2) If you don’t want to go. I am not listening to any wah-wah about “My mom and dad are making me go.” Please. Get a spine. If you really, seriously have no idea what you want to do and you don’t want to continue your education, then ask them to help you by fronting your first month’s, last month’s and a deposit on an apartment of your own and then get out there and hustle if you think you’d rather do that. College will still be there if you think you want it later, and you might find you like doing something else enough to stick with it without going.

And parents, OMG, please don’t force your kids to go to college by refusing to help them get set up on their own. I am 100 percent behind saying “no” if the answer to not going to college alternative involves kids who think they are going to sponge off you indefinitely. But a person in college who doesn’t want to be there will find a dozen ways to not get anything out of being there, and in the mean time, you are writing tuition checks. So yeah, if little Bobby doesn’t want to do anything besides smoke pot and play video games, you have to realize there is really nobody at college who will force him to do anything besides smoke pot and pay video games. Do you want to pay tuition while he does that, or would you rather not?

I’m sick and tired of hearing about how “college isn’t worth it” when people send wee Bobby to college because he isn’t “ready” to live on his own and, thus, should go to college. That is insanity. The drug trade is alive and well on college campuses, binge drinking is everywhere, and nobody will force wee Bobby to grow up in college. Most colleges and universities are terrible, and exceedingly expensive, babysitters.
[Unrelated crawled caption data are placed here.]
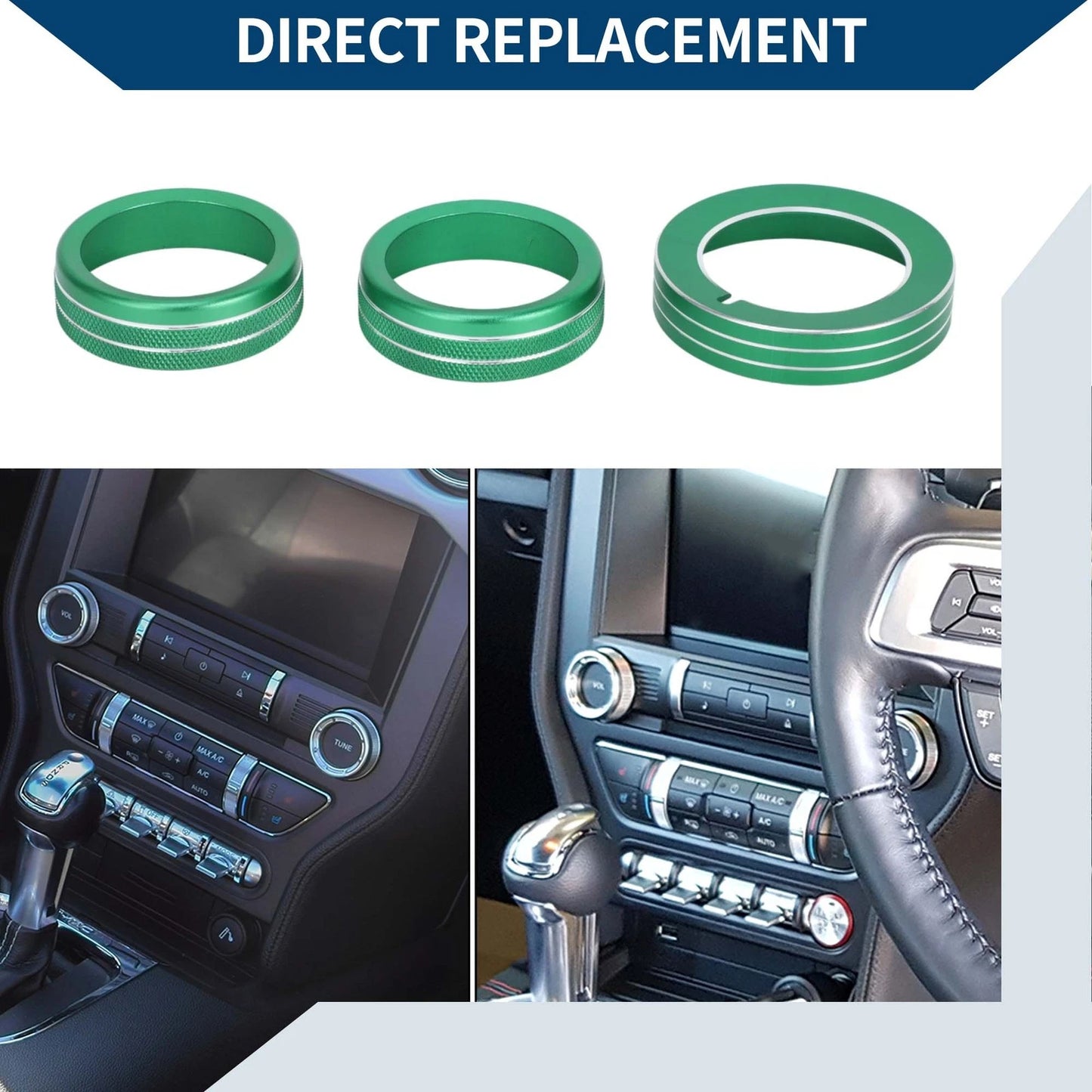 Headlight Switch Knob Cover for Ford Mustang 2015-2021 - 3 x Green Covers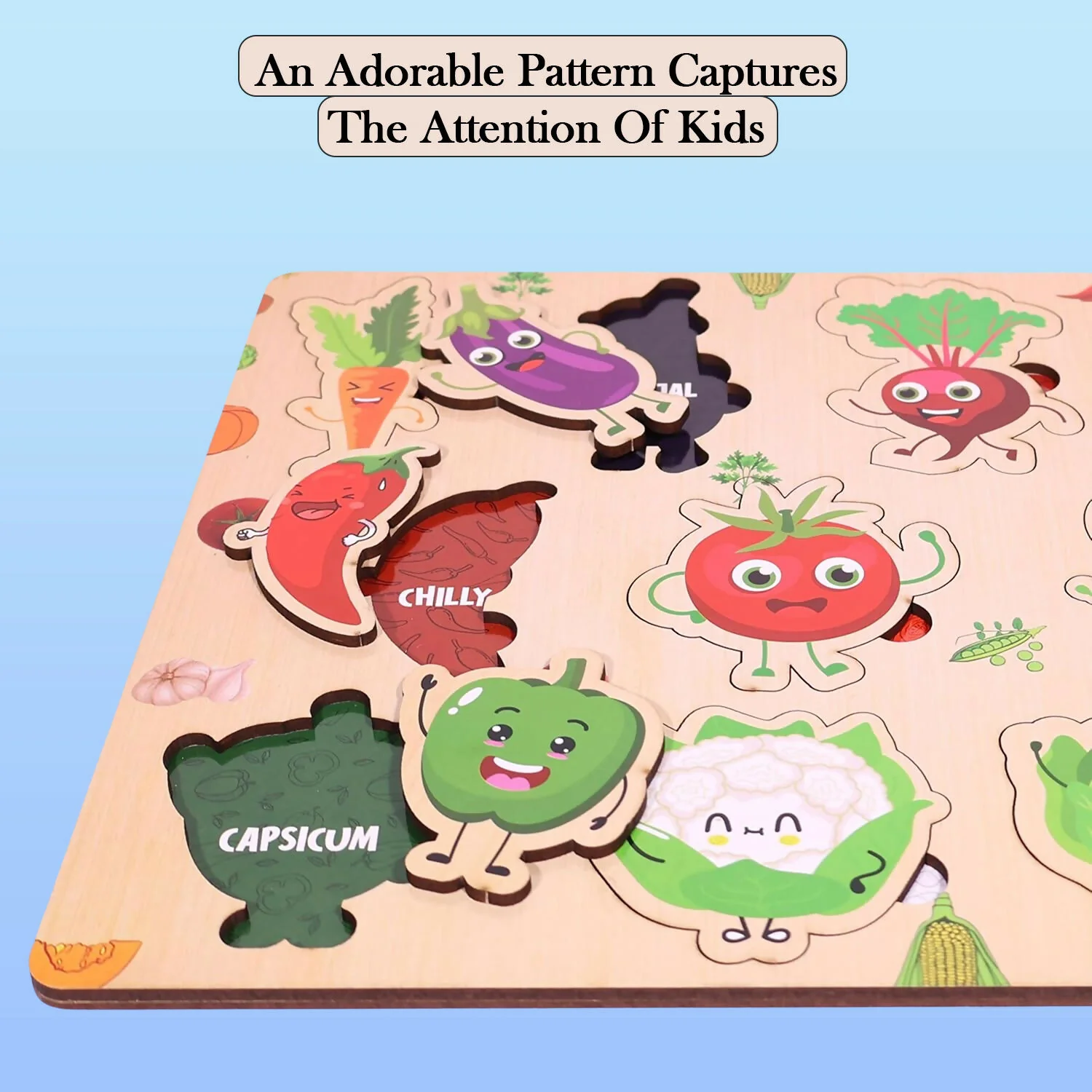 Wooden Vegetable Learning Puzzle Board for Kids – Colorful Puzzle with Cute Veggie Characters - Image 2
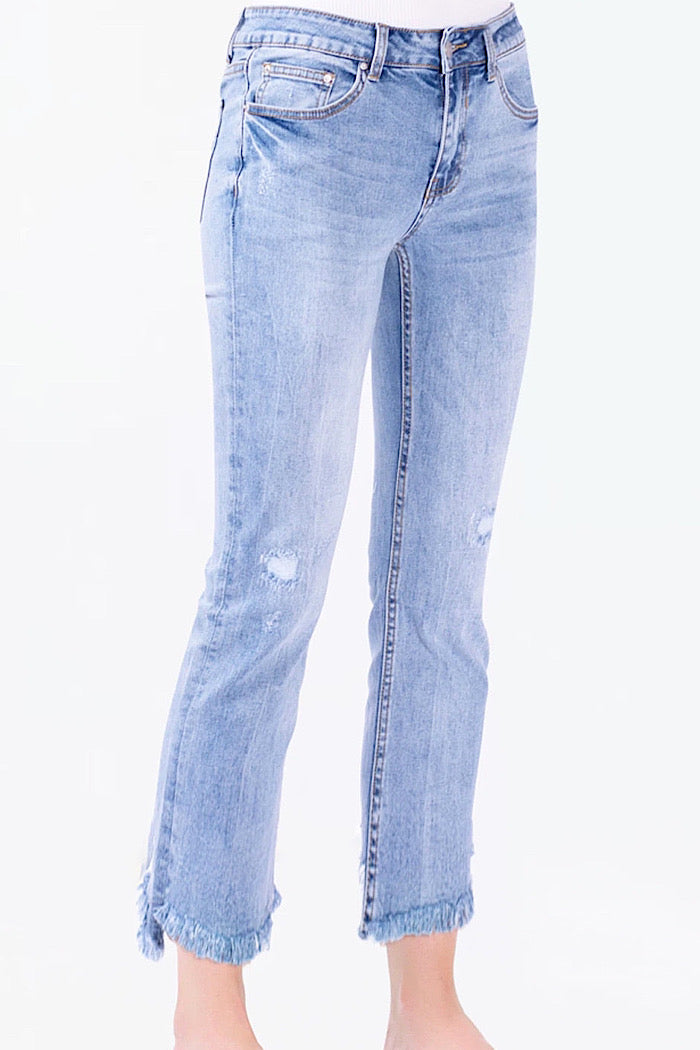 BLUSH CROPPED DENIM JEANS - FINAL CLEARANCE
3) If a tech libertarian bazillionaire gives you $100,000 to start up your own company. By all means. Again, if it doesn’t work out, college will still be there if you blow through your $100K and fail. You can learn in many places.

4) If you can get the training you want on the job and you can get hired. Why not? College is really fun, but if you can apprentice with somebody and it’s something you want to do–again, college will be there later if you don’t like what you are doing. I repeat: you can learn in many places, and if you do not want to be college, then figure out it on your own. Again, you may find you like being apprenticed to a carpenter, electrician, or hairdresser. Every plumber who has come to my house seems to be genuinely happy in his or her work. That’s the idea. Making a decent living doing something you don’t mind getting up to do strikes me as close to heaven as anybody but the extremely fortunate get. You don’t know what you want until you try many things. And once you learn how to do something, you can, if you are entrepreneurial, start your own business.

I’m not the sort of person who thinks every university needs to survive to the end of the 21st century. I think there are enough people to support what I do. I believe in markets. If I find myself out of a job, I’ll have to do something else. No clue what. But I am going to barf if I hear any more about the “higher education bubble” or any more whining about “having to go to college.” You want to go to college, great. You don’t want to? Don’t. Lots of people do fine if they don’t; lots of people fail if they do–and vice versa. The general numbers about being better or worse off for going to college are general numbers and don’t tell you your future, it’s as simple as that. You could be the person who majors in music and who winds up starting a multi-million dollar label. Or the person who winds up teaching piano at an elementary school. One is more likely than the other, but still.